Given records section start

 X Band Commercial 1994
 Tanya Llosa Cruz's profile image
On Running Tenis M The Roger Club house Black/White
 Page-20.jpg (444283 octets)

Given records section end
Given records section start

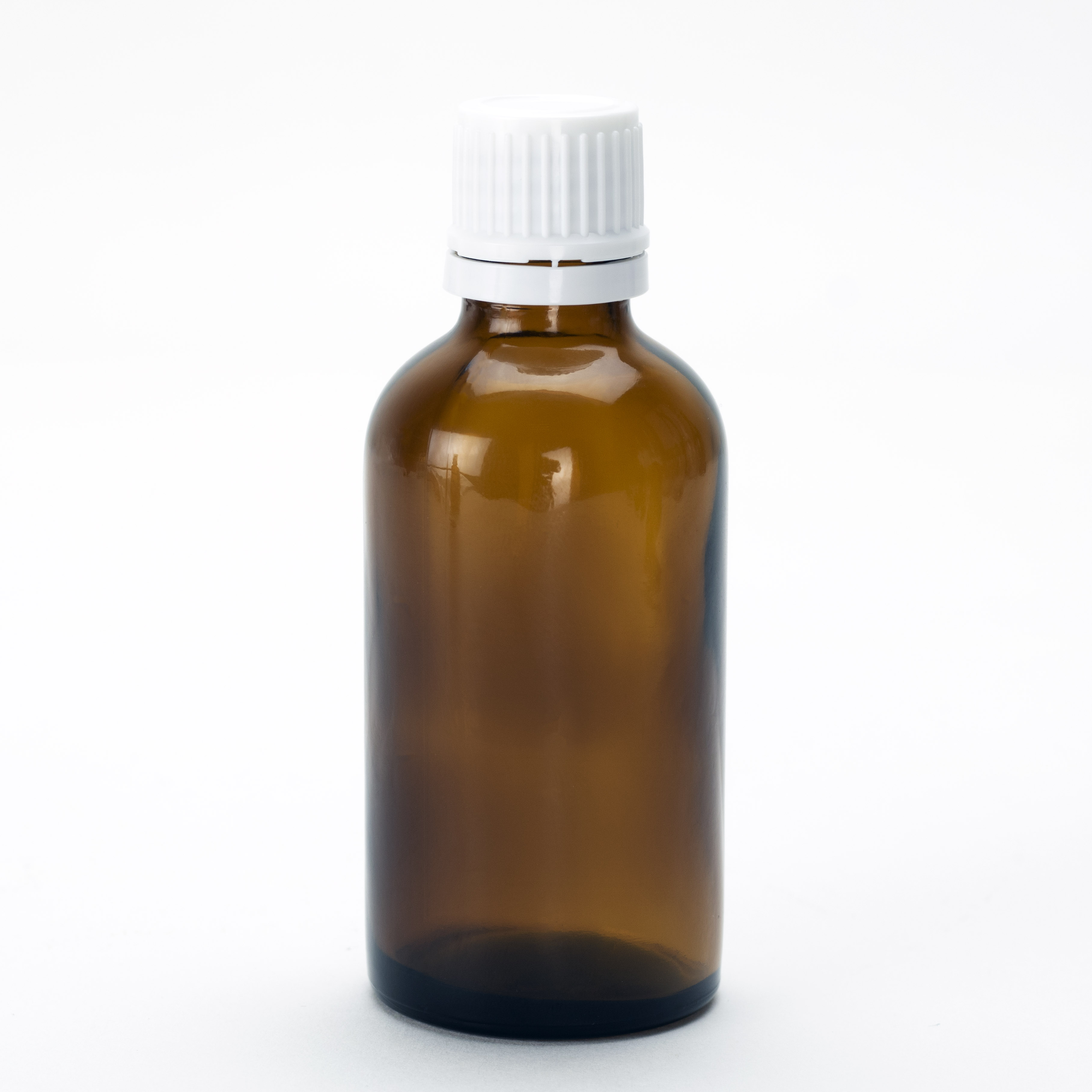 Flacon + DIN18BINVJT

Given records section end
Given records section start

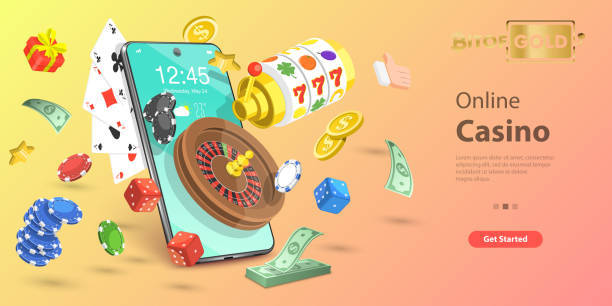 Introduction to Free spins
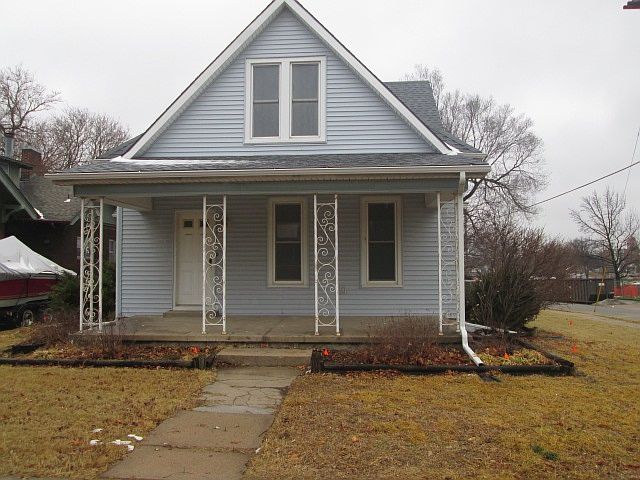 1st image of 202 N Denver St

Given records section end

→ Your goal
What are the lines above, starting at the one with "X Band Commercial 1994" and ending at the one with "Page-20.jpg (444283 octets)"? Give them again exactly, and only them.

→ Problem solution
 X Band Commercial 1994
 Tanya Llosa Cruz's profile image
On Running Tenis M The Roger Club house Black/White
 Page-20.jpg (444283 octets)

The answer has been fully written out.